=== Instructions for the task ===
Give back a single figure: the number of lines in the entries below that contain "from".

▼▼▼

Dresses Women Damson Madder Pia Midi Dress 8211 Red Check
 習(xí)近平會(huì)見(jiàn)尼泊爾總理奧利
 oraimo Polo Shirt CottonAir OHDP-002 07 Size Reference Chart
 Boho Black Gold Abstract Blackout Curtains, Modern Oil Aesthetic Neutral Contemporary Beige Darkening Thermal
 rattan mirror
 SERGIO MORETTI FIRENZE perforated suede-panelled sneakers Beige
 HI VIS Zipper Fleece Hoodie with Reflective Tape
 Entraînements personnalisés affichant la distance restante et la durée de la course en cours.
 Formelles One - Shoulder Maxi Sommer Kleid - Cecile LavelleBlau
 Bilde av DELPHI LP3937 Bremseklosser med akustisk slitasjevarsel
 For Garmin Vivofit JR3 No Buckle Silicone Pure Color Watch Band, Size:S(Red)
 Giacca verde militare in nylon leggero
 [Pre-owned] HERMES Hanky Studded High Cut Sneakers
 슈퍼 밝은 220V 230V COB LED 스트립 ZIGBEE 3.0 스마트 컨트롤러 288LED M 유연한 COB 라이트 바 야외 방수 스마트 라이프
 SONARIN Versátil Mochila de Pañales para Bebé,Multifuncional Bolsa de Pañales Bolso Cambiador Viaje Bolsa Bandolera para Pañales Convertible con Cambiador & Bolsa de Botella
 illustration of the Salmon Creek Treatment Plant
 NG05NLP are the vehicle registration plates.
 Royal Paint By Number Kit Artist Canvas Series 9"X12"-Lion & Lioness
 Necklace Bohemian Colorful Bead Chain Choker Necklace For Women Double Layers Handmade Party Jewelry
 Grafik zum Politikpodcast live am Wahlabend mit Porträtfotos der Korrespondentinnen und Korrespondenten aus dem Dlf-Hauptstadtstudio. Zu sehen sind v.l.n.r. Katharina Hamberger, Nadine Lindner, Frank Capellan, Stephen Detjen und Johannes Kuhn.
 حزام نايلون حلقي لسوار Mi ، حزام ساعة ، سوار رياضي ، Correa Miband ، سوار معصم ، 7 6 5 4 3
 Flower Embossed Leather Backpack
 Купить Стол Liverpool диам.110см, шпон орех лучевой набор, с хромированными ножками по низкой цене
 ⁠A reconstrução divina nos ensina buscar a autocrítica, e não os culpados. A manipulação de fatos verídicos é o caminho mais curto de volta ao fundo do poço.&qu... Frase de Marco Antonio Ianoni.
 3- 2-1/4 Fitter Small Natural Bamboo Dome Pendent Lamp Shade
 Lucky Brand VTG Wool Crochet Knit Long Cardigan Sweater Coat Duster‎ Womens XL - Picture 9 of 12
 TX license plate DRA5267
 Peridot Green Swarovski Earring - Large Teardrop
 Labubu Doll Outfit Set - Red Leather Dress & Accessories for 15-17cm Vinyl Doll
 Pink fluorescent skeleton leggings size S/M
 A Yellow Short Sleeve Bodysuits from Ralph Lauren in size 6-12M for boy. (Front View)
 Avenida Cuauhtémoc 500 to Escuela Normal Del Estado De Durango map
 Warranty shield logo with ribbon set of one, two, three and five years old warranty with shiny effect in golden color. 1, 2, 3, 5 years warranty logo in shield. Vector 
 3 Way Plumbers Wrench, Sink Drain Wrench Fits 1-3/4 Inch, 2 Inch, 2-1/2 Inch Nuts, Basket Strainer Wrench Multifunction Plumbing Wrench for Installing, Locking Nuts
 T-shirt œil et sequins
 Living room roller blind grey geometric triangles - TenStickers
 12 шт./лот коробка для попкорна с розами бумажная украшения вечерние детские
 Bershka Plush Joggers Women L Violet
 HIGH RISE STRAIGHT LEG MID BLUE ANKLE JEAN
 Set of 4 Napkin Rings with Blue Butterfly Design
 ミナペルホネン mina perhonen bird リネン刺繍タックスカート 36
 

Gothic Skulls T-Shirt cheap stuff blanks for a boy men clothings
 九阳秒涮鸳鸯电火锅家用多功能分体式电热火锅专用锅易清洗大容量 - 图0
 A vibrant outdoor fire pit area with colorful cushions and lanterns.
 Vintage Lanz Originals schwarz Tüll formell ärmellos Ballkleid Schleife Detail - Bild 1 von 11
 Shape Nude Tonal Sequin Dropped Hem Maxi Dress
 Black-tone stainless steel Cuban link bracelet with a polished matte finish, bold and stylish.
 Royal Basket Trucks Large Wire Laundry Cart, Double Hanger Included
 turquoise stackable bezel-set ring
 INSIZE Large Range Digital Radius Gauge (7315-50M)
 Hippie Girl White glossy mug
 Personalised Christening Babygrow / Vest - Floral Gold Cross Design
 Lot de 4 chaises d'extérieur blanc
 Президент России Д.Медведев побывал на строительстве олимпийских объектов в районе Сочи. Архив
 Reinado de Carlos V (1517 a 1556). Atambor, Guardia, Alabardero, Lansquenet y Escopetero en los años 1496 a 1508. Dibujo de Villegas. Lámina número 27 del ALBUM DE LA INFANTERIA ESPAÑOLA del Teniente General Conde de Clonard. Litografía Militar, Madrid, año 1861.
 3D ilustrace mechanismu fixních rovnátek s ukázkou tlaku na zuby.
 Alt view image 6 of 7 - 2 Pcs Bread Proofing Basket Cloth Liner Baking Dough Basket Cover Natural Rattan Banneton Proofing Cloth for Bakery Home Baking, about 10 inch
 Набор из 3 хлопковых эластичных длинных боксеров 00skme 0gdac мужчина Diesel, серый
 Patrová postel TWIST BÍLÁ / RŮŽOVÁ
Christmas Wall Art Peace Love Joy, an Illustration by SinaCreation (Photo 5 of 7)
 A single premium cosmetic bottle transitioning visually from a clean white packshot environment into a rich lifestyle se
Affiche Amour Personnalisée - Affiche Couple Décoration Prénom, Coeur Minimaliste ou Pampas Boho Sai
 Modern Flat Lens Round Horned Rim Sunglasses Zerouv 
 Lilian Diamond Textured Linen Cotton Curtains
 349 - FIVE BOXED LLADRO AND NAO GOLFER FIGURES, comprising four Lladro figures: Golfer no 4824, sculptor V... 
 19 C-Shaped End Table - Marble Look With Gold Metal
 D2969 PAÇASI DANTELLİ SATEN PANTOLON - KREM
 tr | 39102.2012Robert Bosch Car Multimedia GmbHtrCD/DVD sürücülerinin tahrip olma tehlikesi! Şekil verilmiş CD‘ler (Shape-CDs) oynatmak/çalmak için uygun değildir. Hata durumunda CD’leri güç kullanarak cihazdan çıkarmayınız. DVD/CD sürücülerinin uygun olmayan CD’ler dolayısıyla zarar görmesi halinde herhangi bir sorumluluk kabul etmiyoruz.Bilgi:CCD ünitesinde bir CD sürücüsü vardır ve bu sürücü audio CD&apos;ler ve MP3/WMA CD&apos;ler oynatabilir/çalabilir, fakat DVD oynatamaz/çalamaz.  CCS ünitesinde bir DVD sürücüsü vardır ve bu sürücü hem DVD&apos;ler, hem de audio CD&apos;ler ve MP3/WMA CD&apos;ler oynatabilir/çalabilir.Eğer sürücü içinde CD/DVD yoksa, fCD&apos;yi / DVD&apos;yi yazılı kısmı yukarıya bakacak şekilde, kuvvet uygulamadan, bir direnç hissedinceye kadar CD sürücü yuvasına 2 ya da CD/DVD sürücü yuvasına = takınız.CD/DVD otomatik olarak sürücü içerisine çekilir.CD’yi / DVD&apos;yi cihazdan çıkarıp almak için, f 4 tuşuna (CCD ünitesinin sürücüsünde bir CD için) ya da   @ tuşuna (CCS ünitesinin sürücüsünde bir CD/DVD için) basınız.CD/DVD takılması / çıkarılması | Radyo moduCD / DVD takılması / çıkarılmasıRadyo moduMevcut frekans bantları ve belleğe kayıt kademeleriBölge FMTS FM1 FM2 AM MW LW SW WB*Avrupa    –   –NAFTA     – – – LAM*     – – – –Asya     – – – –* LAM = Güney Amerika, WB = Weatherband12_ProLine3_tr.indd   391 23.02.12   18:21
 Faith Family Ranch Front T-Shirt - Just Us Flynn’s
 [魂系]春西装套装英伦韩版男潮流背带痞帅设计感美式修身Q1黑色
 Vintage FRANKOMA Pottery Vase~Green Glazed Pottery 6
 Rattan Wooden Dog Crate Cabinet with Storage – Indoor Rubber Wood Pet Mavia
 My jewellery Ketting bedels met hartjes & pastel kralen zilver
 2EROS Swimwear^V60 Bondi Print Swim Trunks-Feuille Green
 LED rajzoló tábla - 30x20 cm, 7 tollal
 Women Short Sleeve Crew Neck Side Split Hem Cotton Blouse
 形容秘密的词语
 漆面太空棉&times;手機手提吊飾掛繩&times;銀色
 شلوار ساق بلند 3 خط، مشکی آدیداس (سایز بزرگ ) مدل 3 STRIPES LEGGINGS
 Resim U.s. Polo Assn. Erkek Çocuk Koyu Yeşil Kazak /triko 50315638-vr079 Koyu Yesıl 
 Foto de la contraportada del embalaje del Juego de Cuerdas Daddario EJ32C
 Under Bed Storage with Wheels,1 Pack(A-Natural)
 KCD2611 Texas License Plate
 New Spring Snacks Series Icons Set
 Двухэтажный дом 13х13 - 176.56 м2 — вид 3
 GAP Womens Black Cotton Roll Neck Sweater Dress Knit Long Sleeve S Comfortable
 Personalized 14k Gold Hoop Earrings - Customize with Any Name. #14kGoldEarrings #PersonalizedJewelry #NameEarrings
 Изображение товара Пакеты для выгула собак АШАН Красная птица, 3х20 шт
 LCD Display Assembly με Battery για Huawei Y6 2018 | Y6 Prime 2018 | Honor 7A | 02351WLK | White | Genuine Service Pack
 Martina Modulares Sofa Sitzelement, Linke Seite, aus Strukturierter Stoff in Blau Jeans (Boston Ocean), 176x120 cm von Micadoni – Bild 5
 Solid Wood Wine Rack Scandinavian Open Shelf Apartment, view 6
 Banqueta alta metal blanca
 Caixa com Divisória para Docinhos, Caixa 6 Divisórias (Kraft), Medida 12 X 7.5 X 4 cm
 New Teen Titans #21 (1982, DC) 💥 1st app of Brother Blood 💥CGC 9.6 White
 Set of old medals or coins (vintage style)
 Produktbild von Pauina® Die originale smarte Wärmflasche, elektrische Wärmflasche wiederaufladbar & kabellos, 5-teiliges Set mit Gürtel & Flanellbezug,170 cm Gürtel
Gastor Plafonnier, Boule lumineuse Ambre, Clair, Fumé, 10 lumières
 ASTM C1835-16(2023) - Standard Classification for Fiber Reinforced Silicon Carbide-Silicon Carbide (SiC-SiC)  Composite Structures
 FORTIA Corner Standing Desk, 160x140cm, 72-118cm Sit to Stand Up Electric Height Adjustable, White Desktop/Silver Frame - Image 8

▲▲▲

=== Answer to the problem ===
2